About
I’m a filmmaker: director, producer and writer from Naarm (Melbourne), and I have spent years in Ireland making creative documentaries, TV series, docu-dramas and immersive media. I have also directed many hours of prime-time television, popular factual series, documentaries and docu-dramas telling compelling stories in creative and innovative ways.
I returned to Ireland from the diaspora in the nineties, learning the Irish language as an adult: a formative experience that has inspired much of my work. Producing under the moniker Saoi Media, my films have been exhibited at festivals and cultural events all over the world and I have collaborated with some amazing people to bring their art, their words and their stories to the screen.
Saoi, pronounced ‘see’, means wise one, or the head of monastic or poetic school in Irish, a position of high esteem in Ireland, past and present. Despite the fact most people can’t pronounce it, and that it might seem presumptuous to claim the word, it felt fitting because of my passion for exploring ways of translating poetry into film, predominantly in the medium of Irish. Being a Kehoe and a Daly with bona fide bardic ancestry, I gave myself permission, and like a powerful word-spell should, it gave me great courage and inspiration.
Along with awards and nominations for Deargdhúil: Anatomy of Passion and Síolscéalta (Seedstories) and many more - An Dubh in a Gheal: Assimilation is the only TG4 commissioned documentary to win the prestigious Radharc Award for excellence in social documentary. More recently in 2023, An Diabhal Inti (The Devil’s in Her), a collaboration with Lagan Media Productions, was nominated for best documentary series by the Royal Television Society.
All produced, in part or in full, in the Conamara Gaeltacht (Irish speaking area). The VR immersive poem that won over the European judges in the final presentation for Galway’s successful campaign for European Capital of Culture in 2020, was imagined and created not in a commercial studio, but in a rural cottage.
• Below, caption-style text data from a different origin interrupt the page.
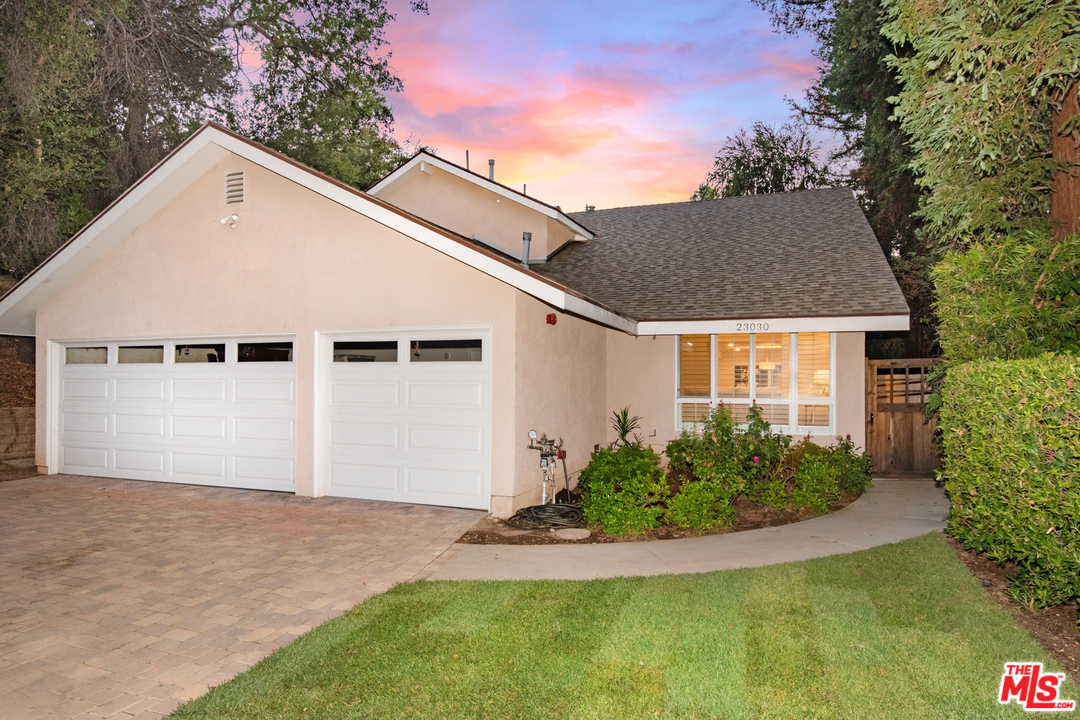 23030 Humming Bird Way Calabasas, CA 91302 - Photo 2 of 32 a view of a white house with a yard and potted plants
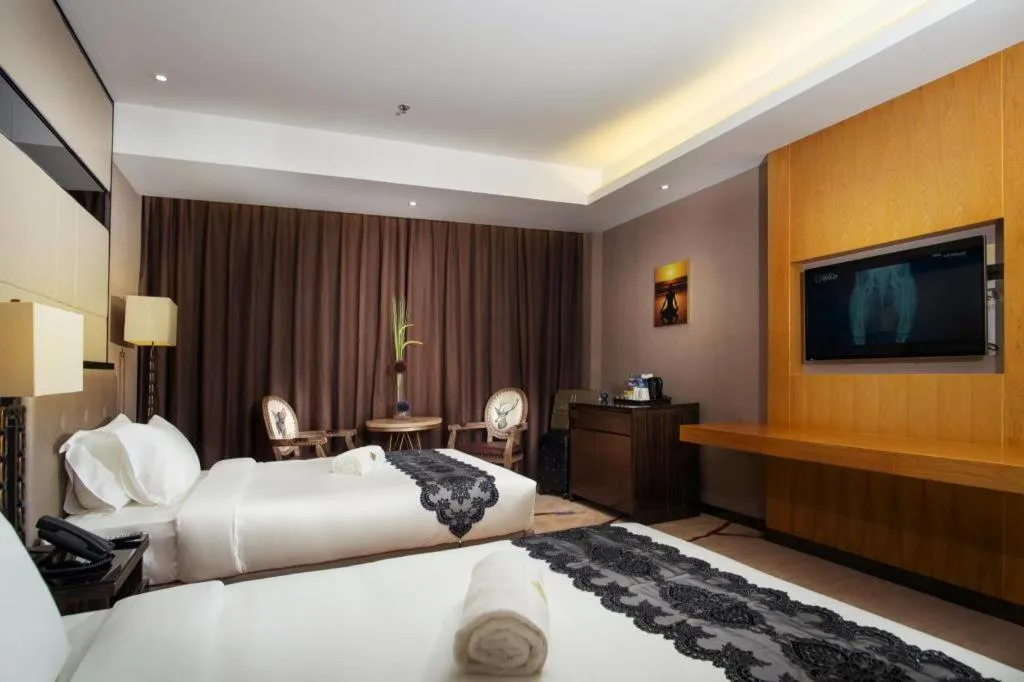 Bed in Lotus Blu Hotel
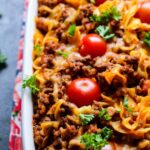Rustic Puerto Rican Beef and Sausage Pasta Bake in a pan garnished with cilantro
As the first immersive experience of its kind, it played a pivotal role in securing the designation. Cottage industries are… or were an important part of the screen production eco-system in the west of Ireland. We could spin gold out of flax.
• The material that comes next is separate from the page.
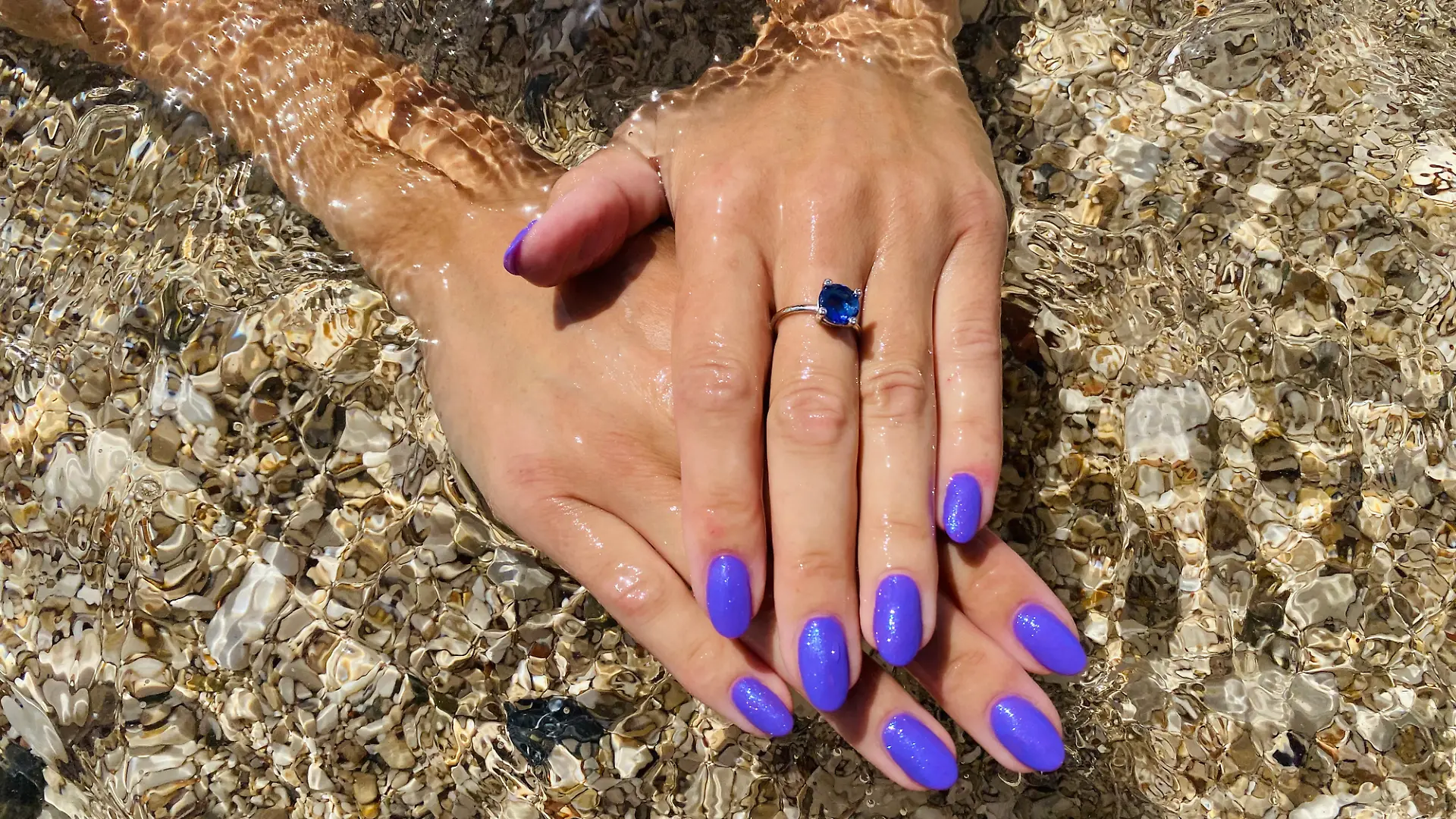 Eine Frau hält ihre perfekt manikürten Fingernägel ins Meerwasser.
I have travelled and traced the lines and layers of emigration, my own and my ancestors so often, that moving between the two worlds is the defining rhythm of my life. I’m back in my hometown of Naarm, developing and exploring new projects, bringing with me all I have learned on an extraordinary journey telling stories at the edge of the western world.
Member of the Screen Director’s Guild Ireland.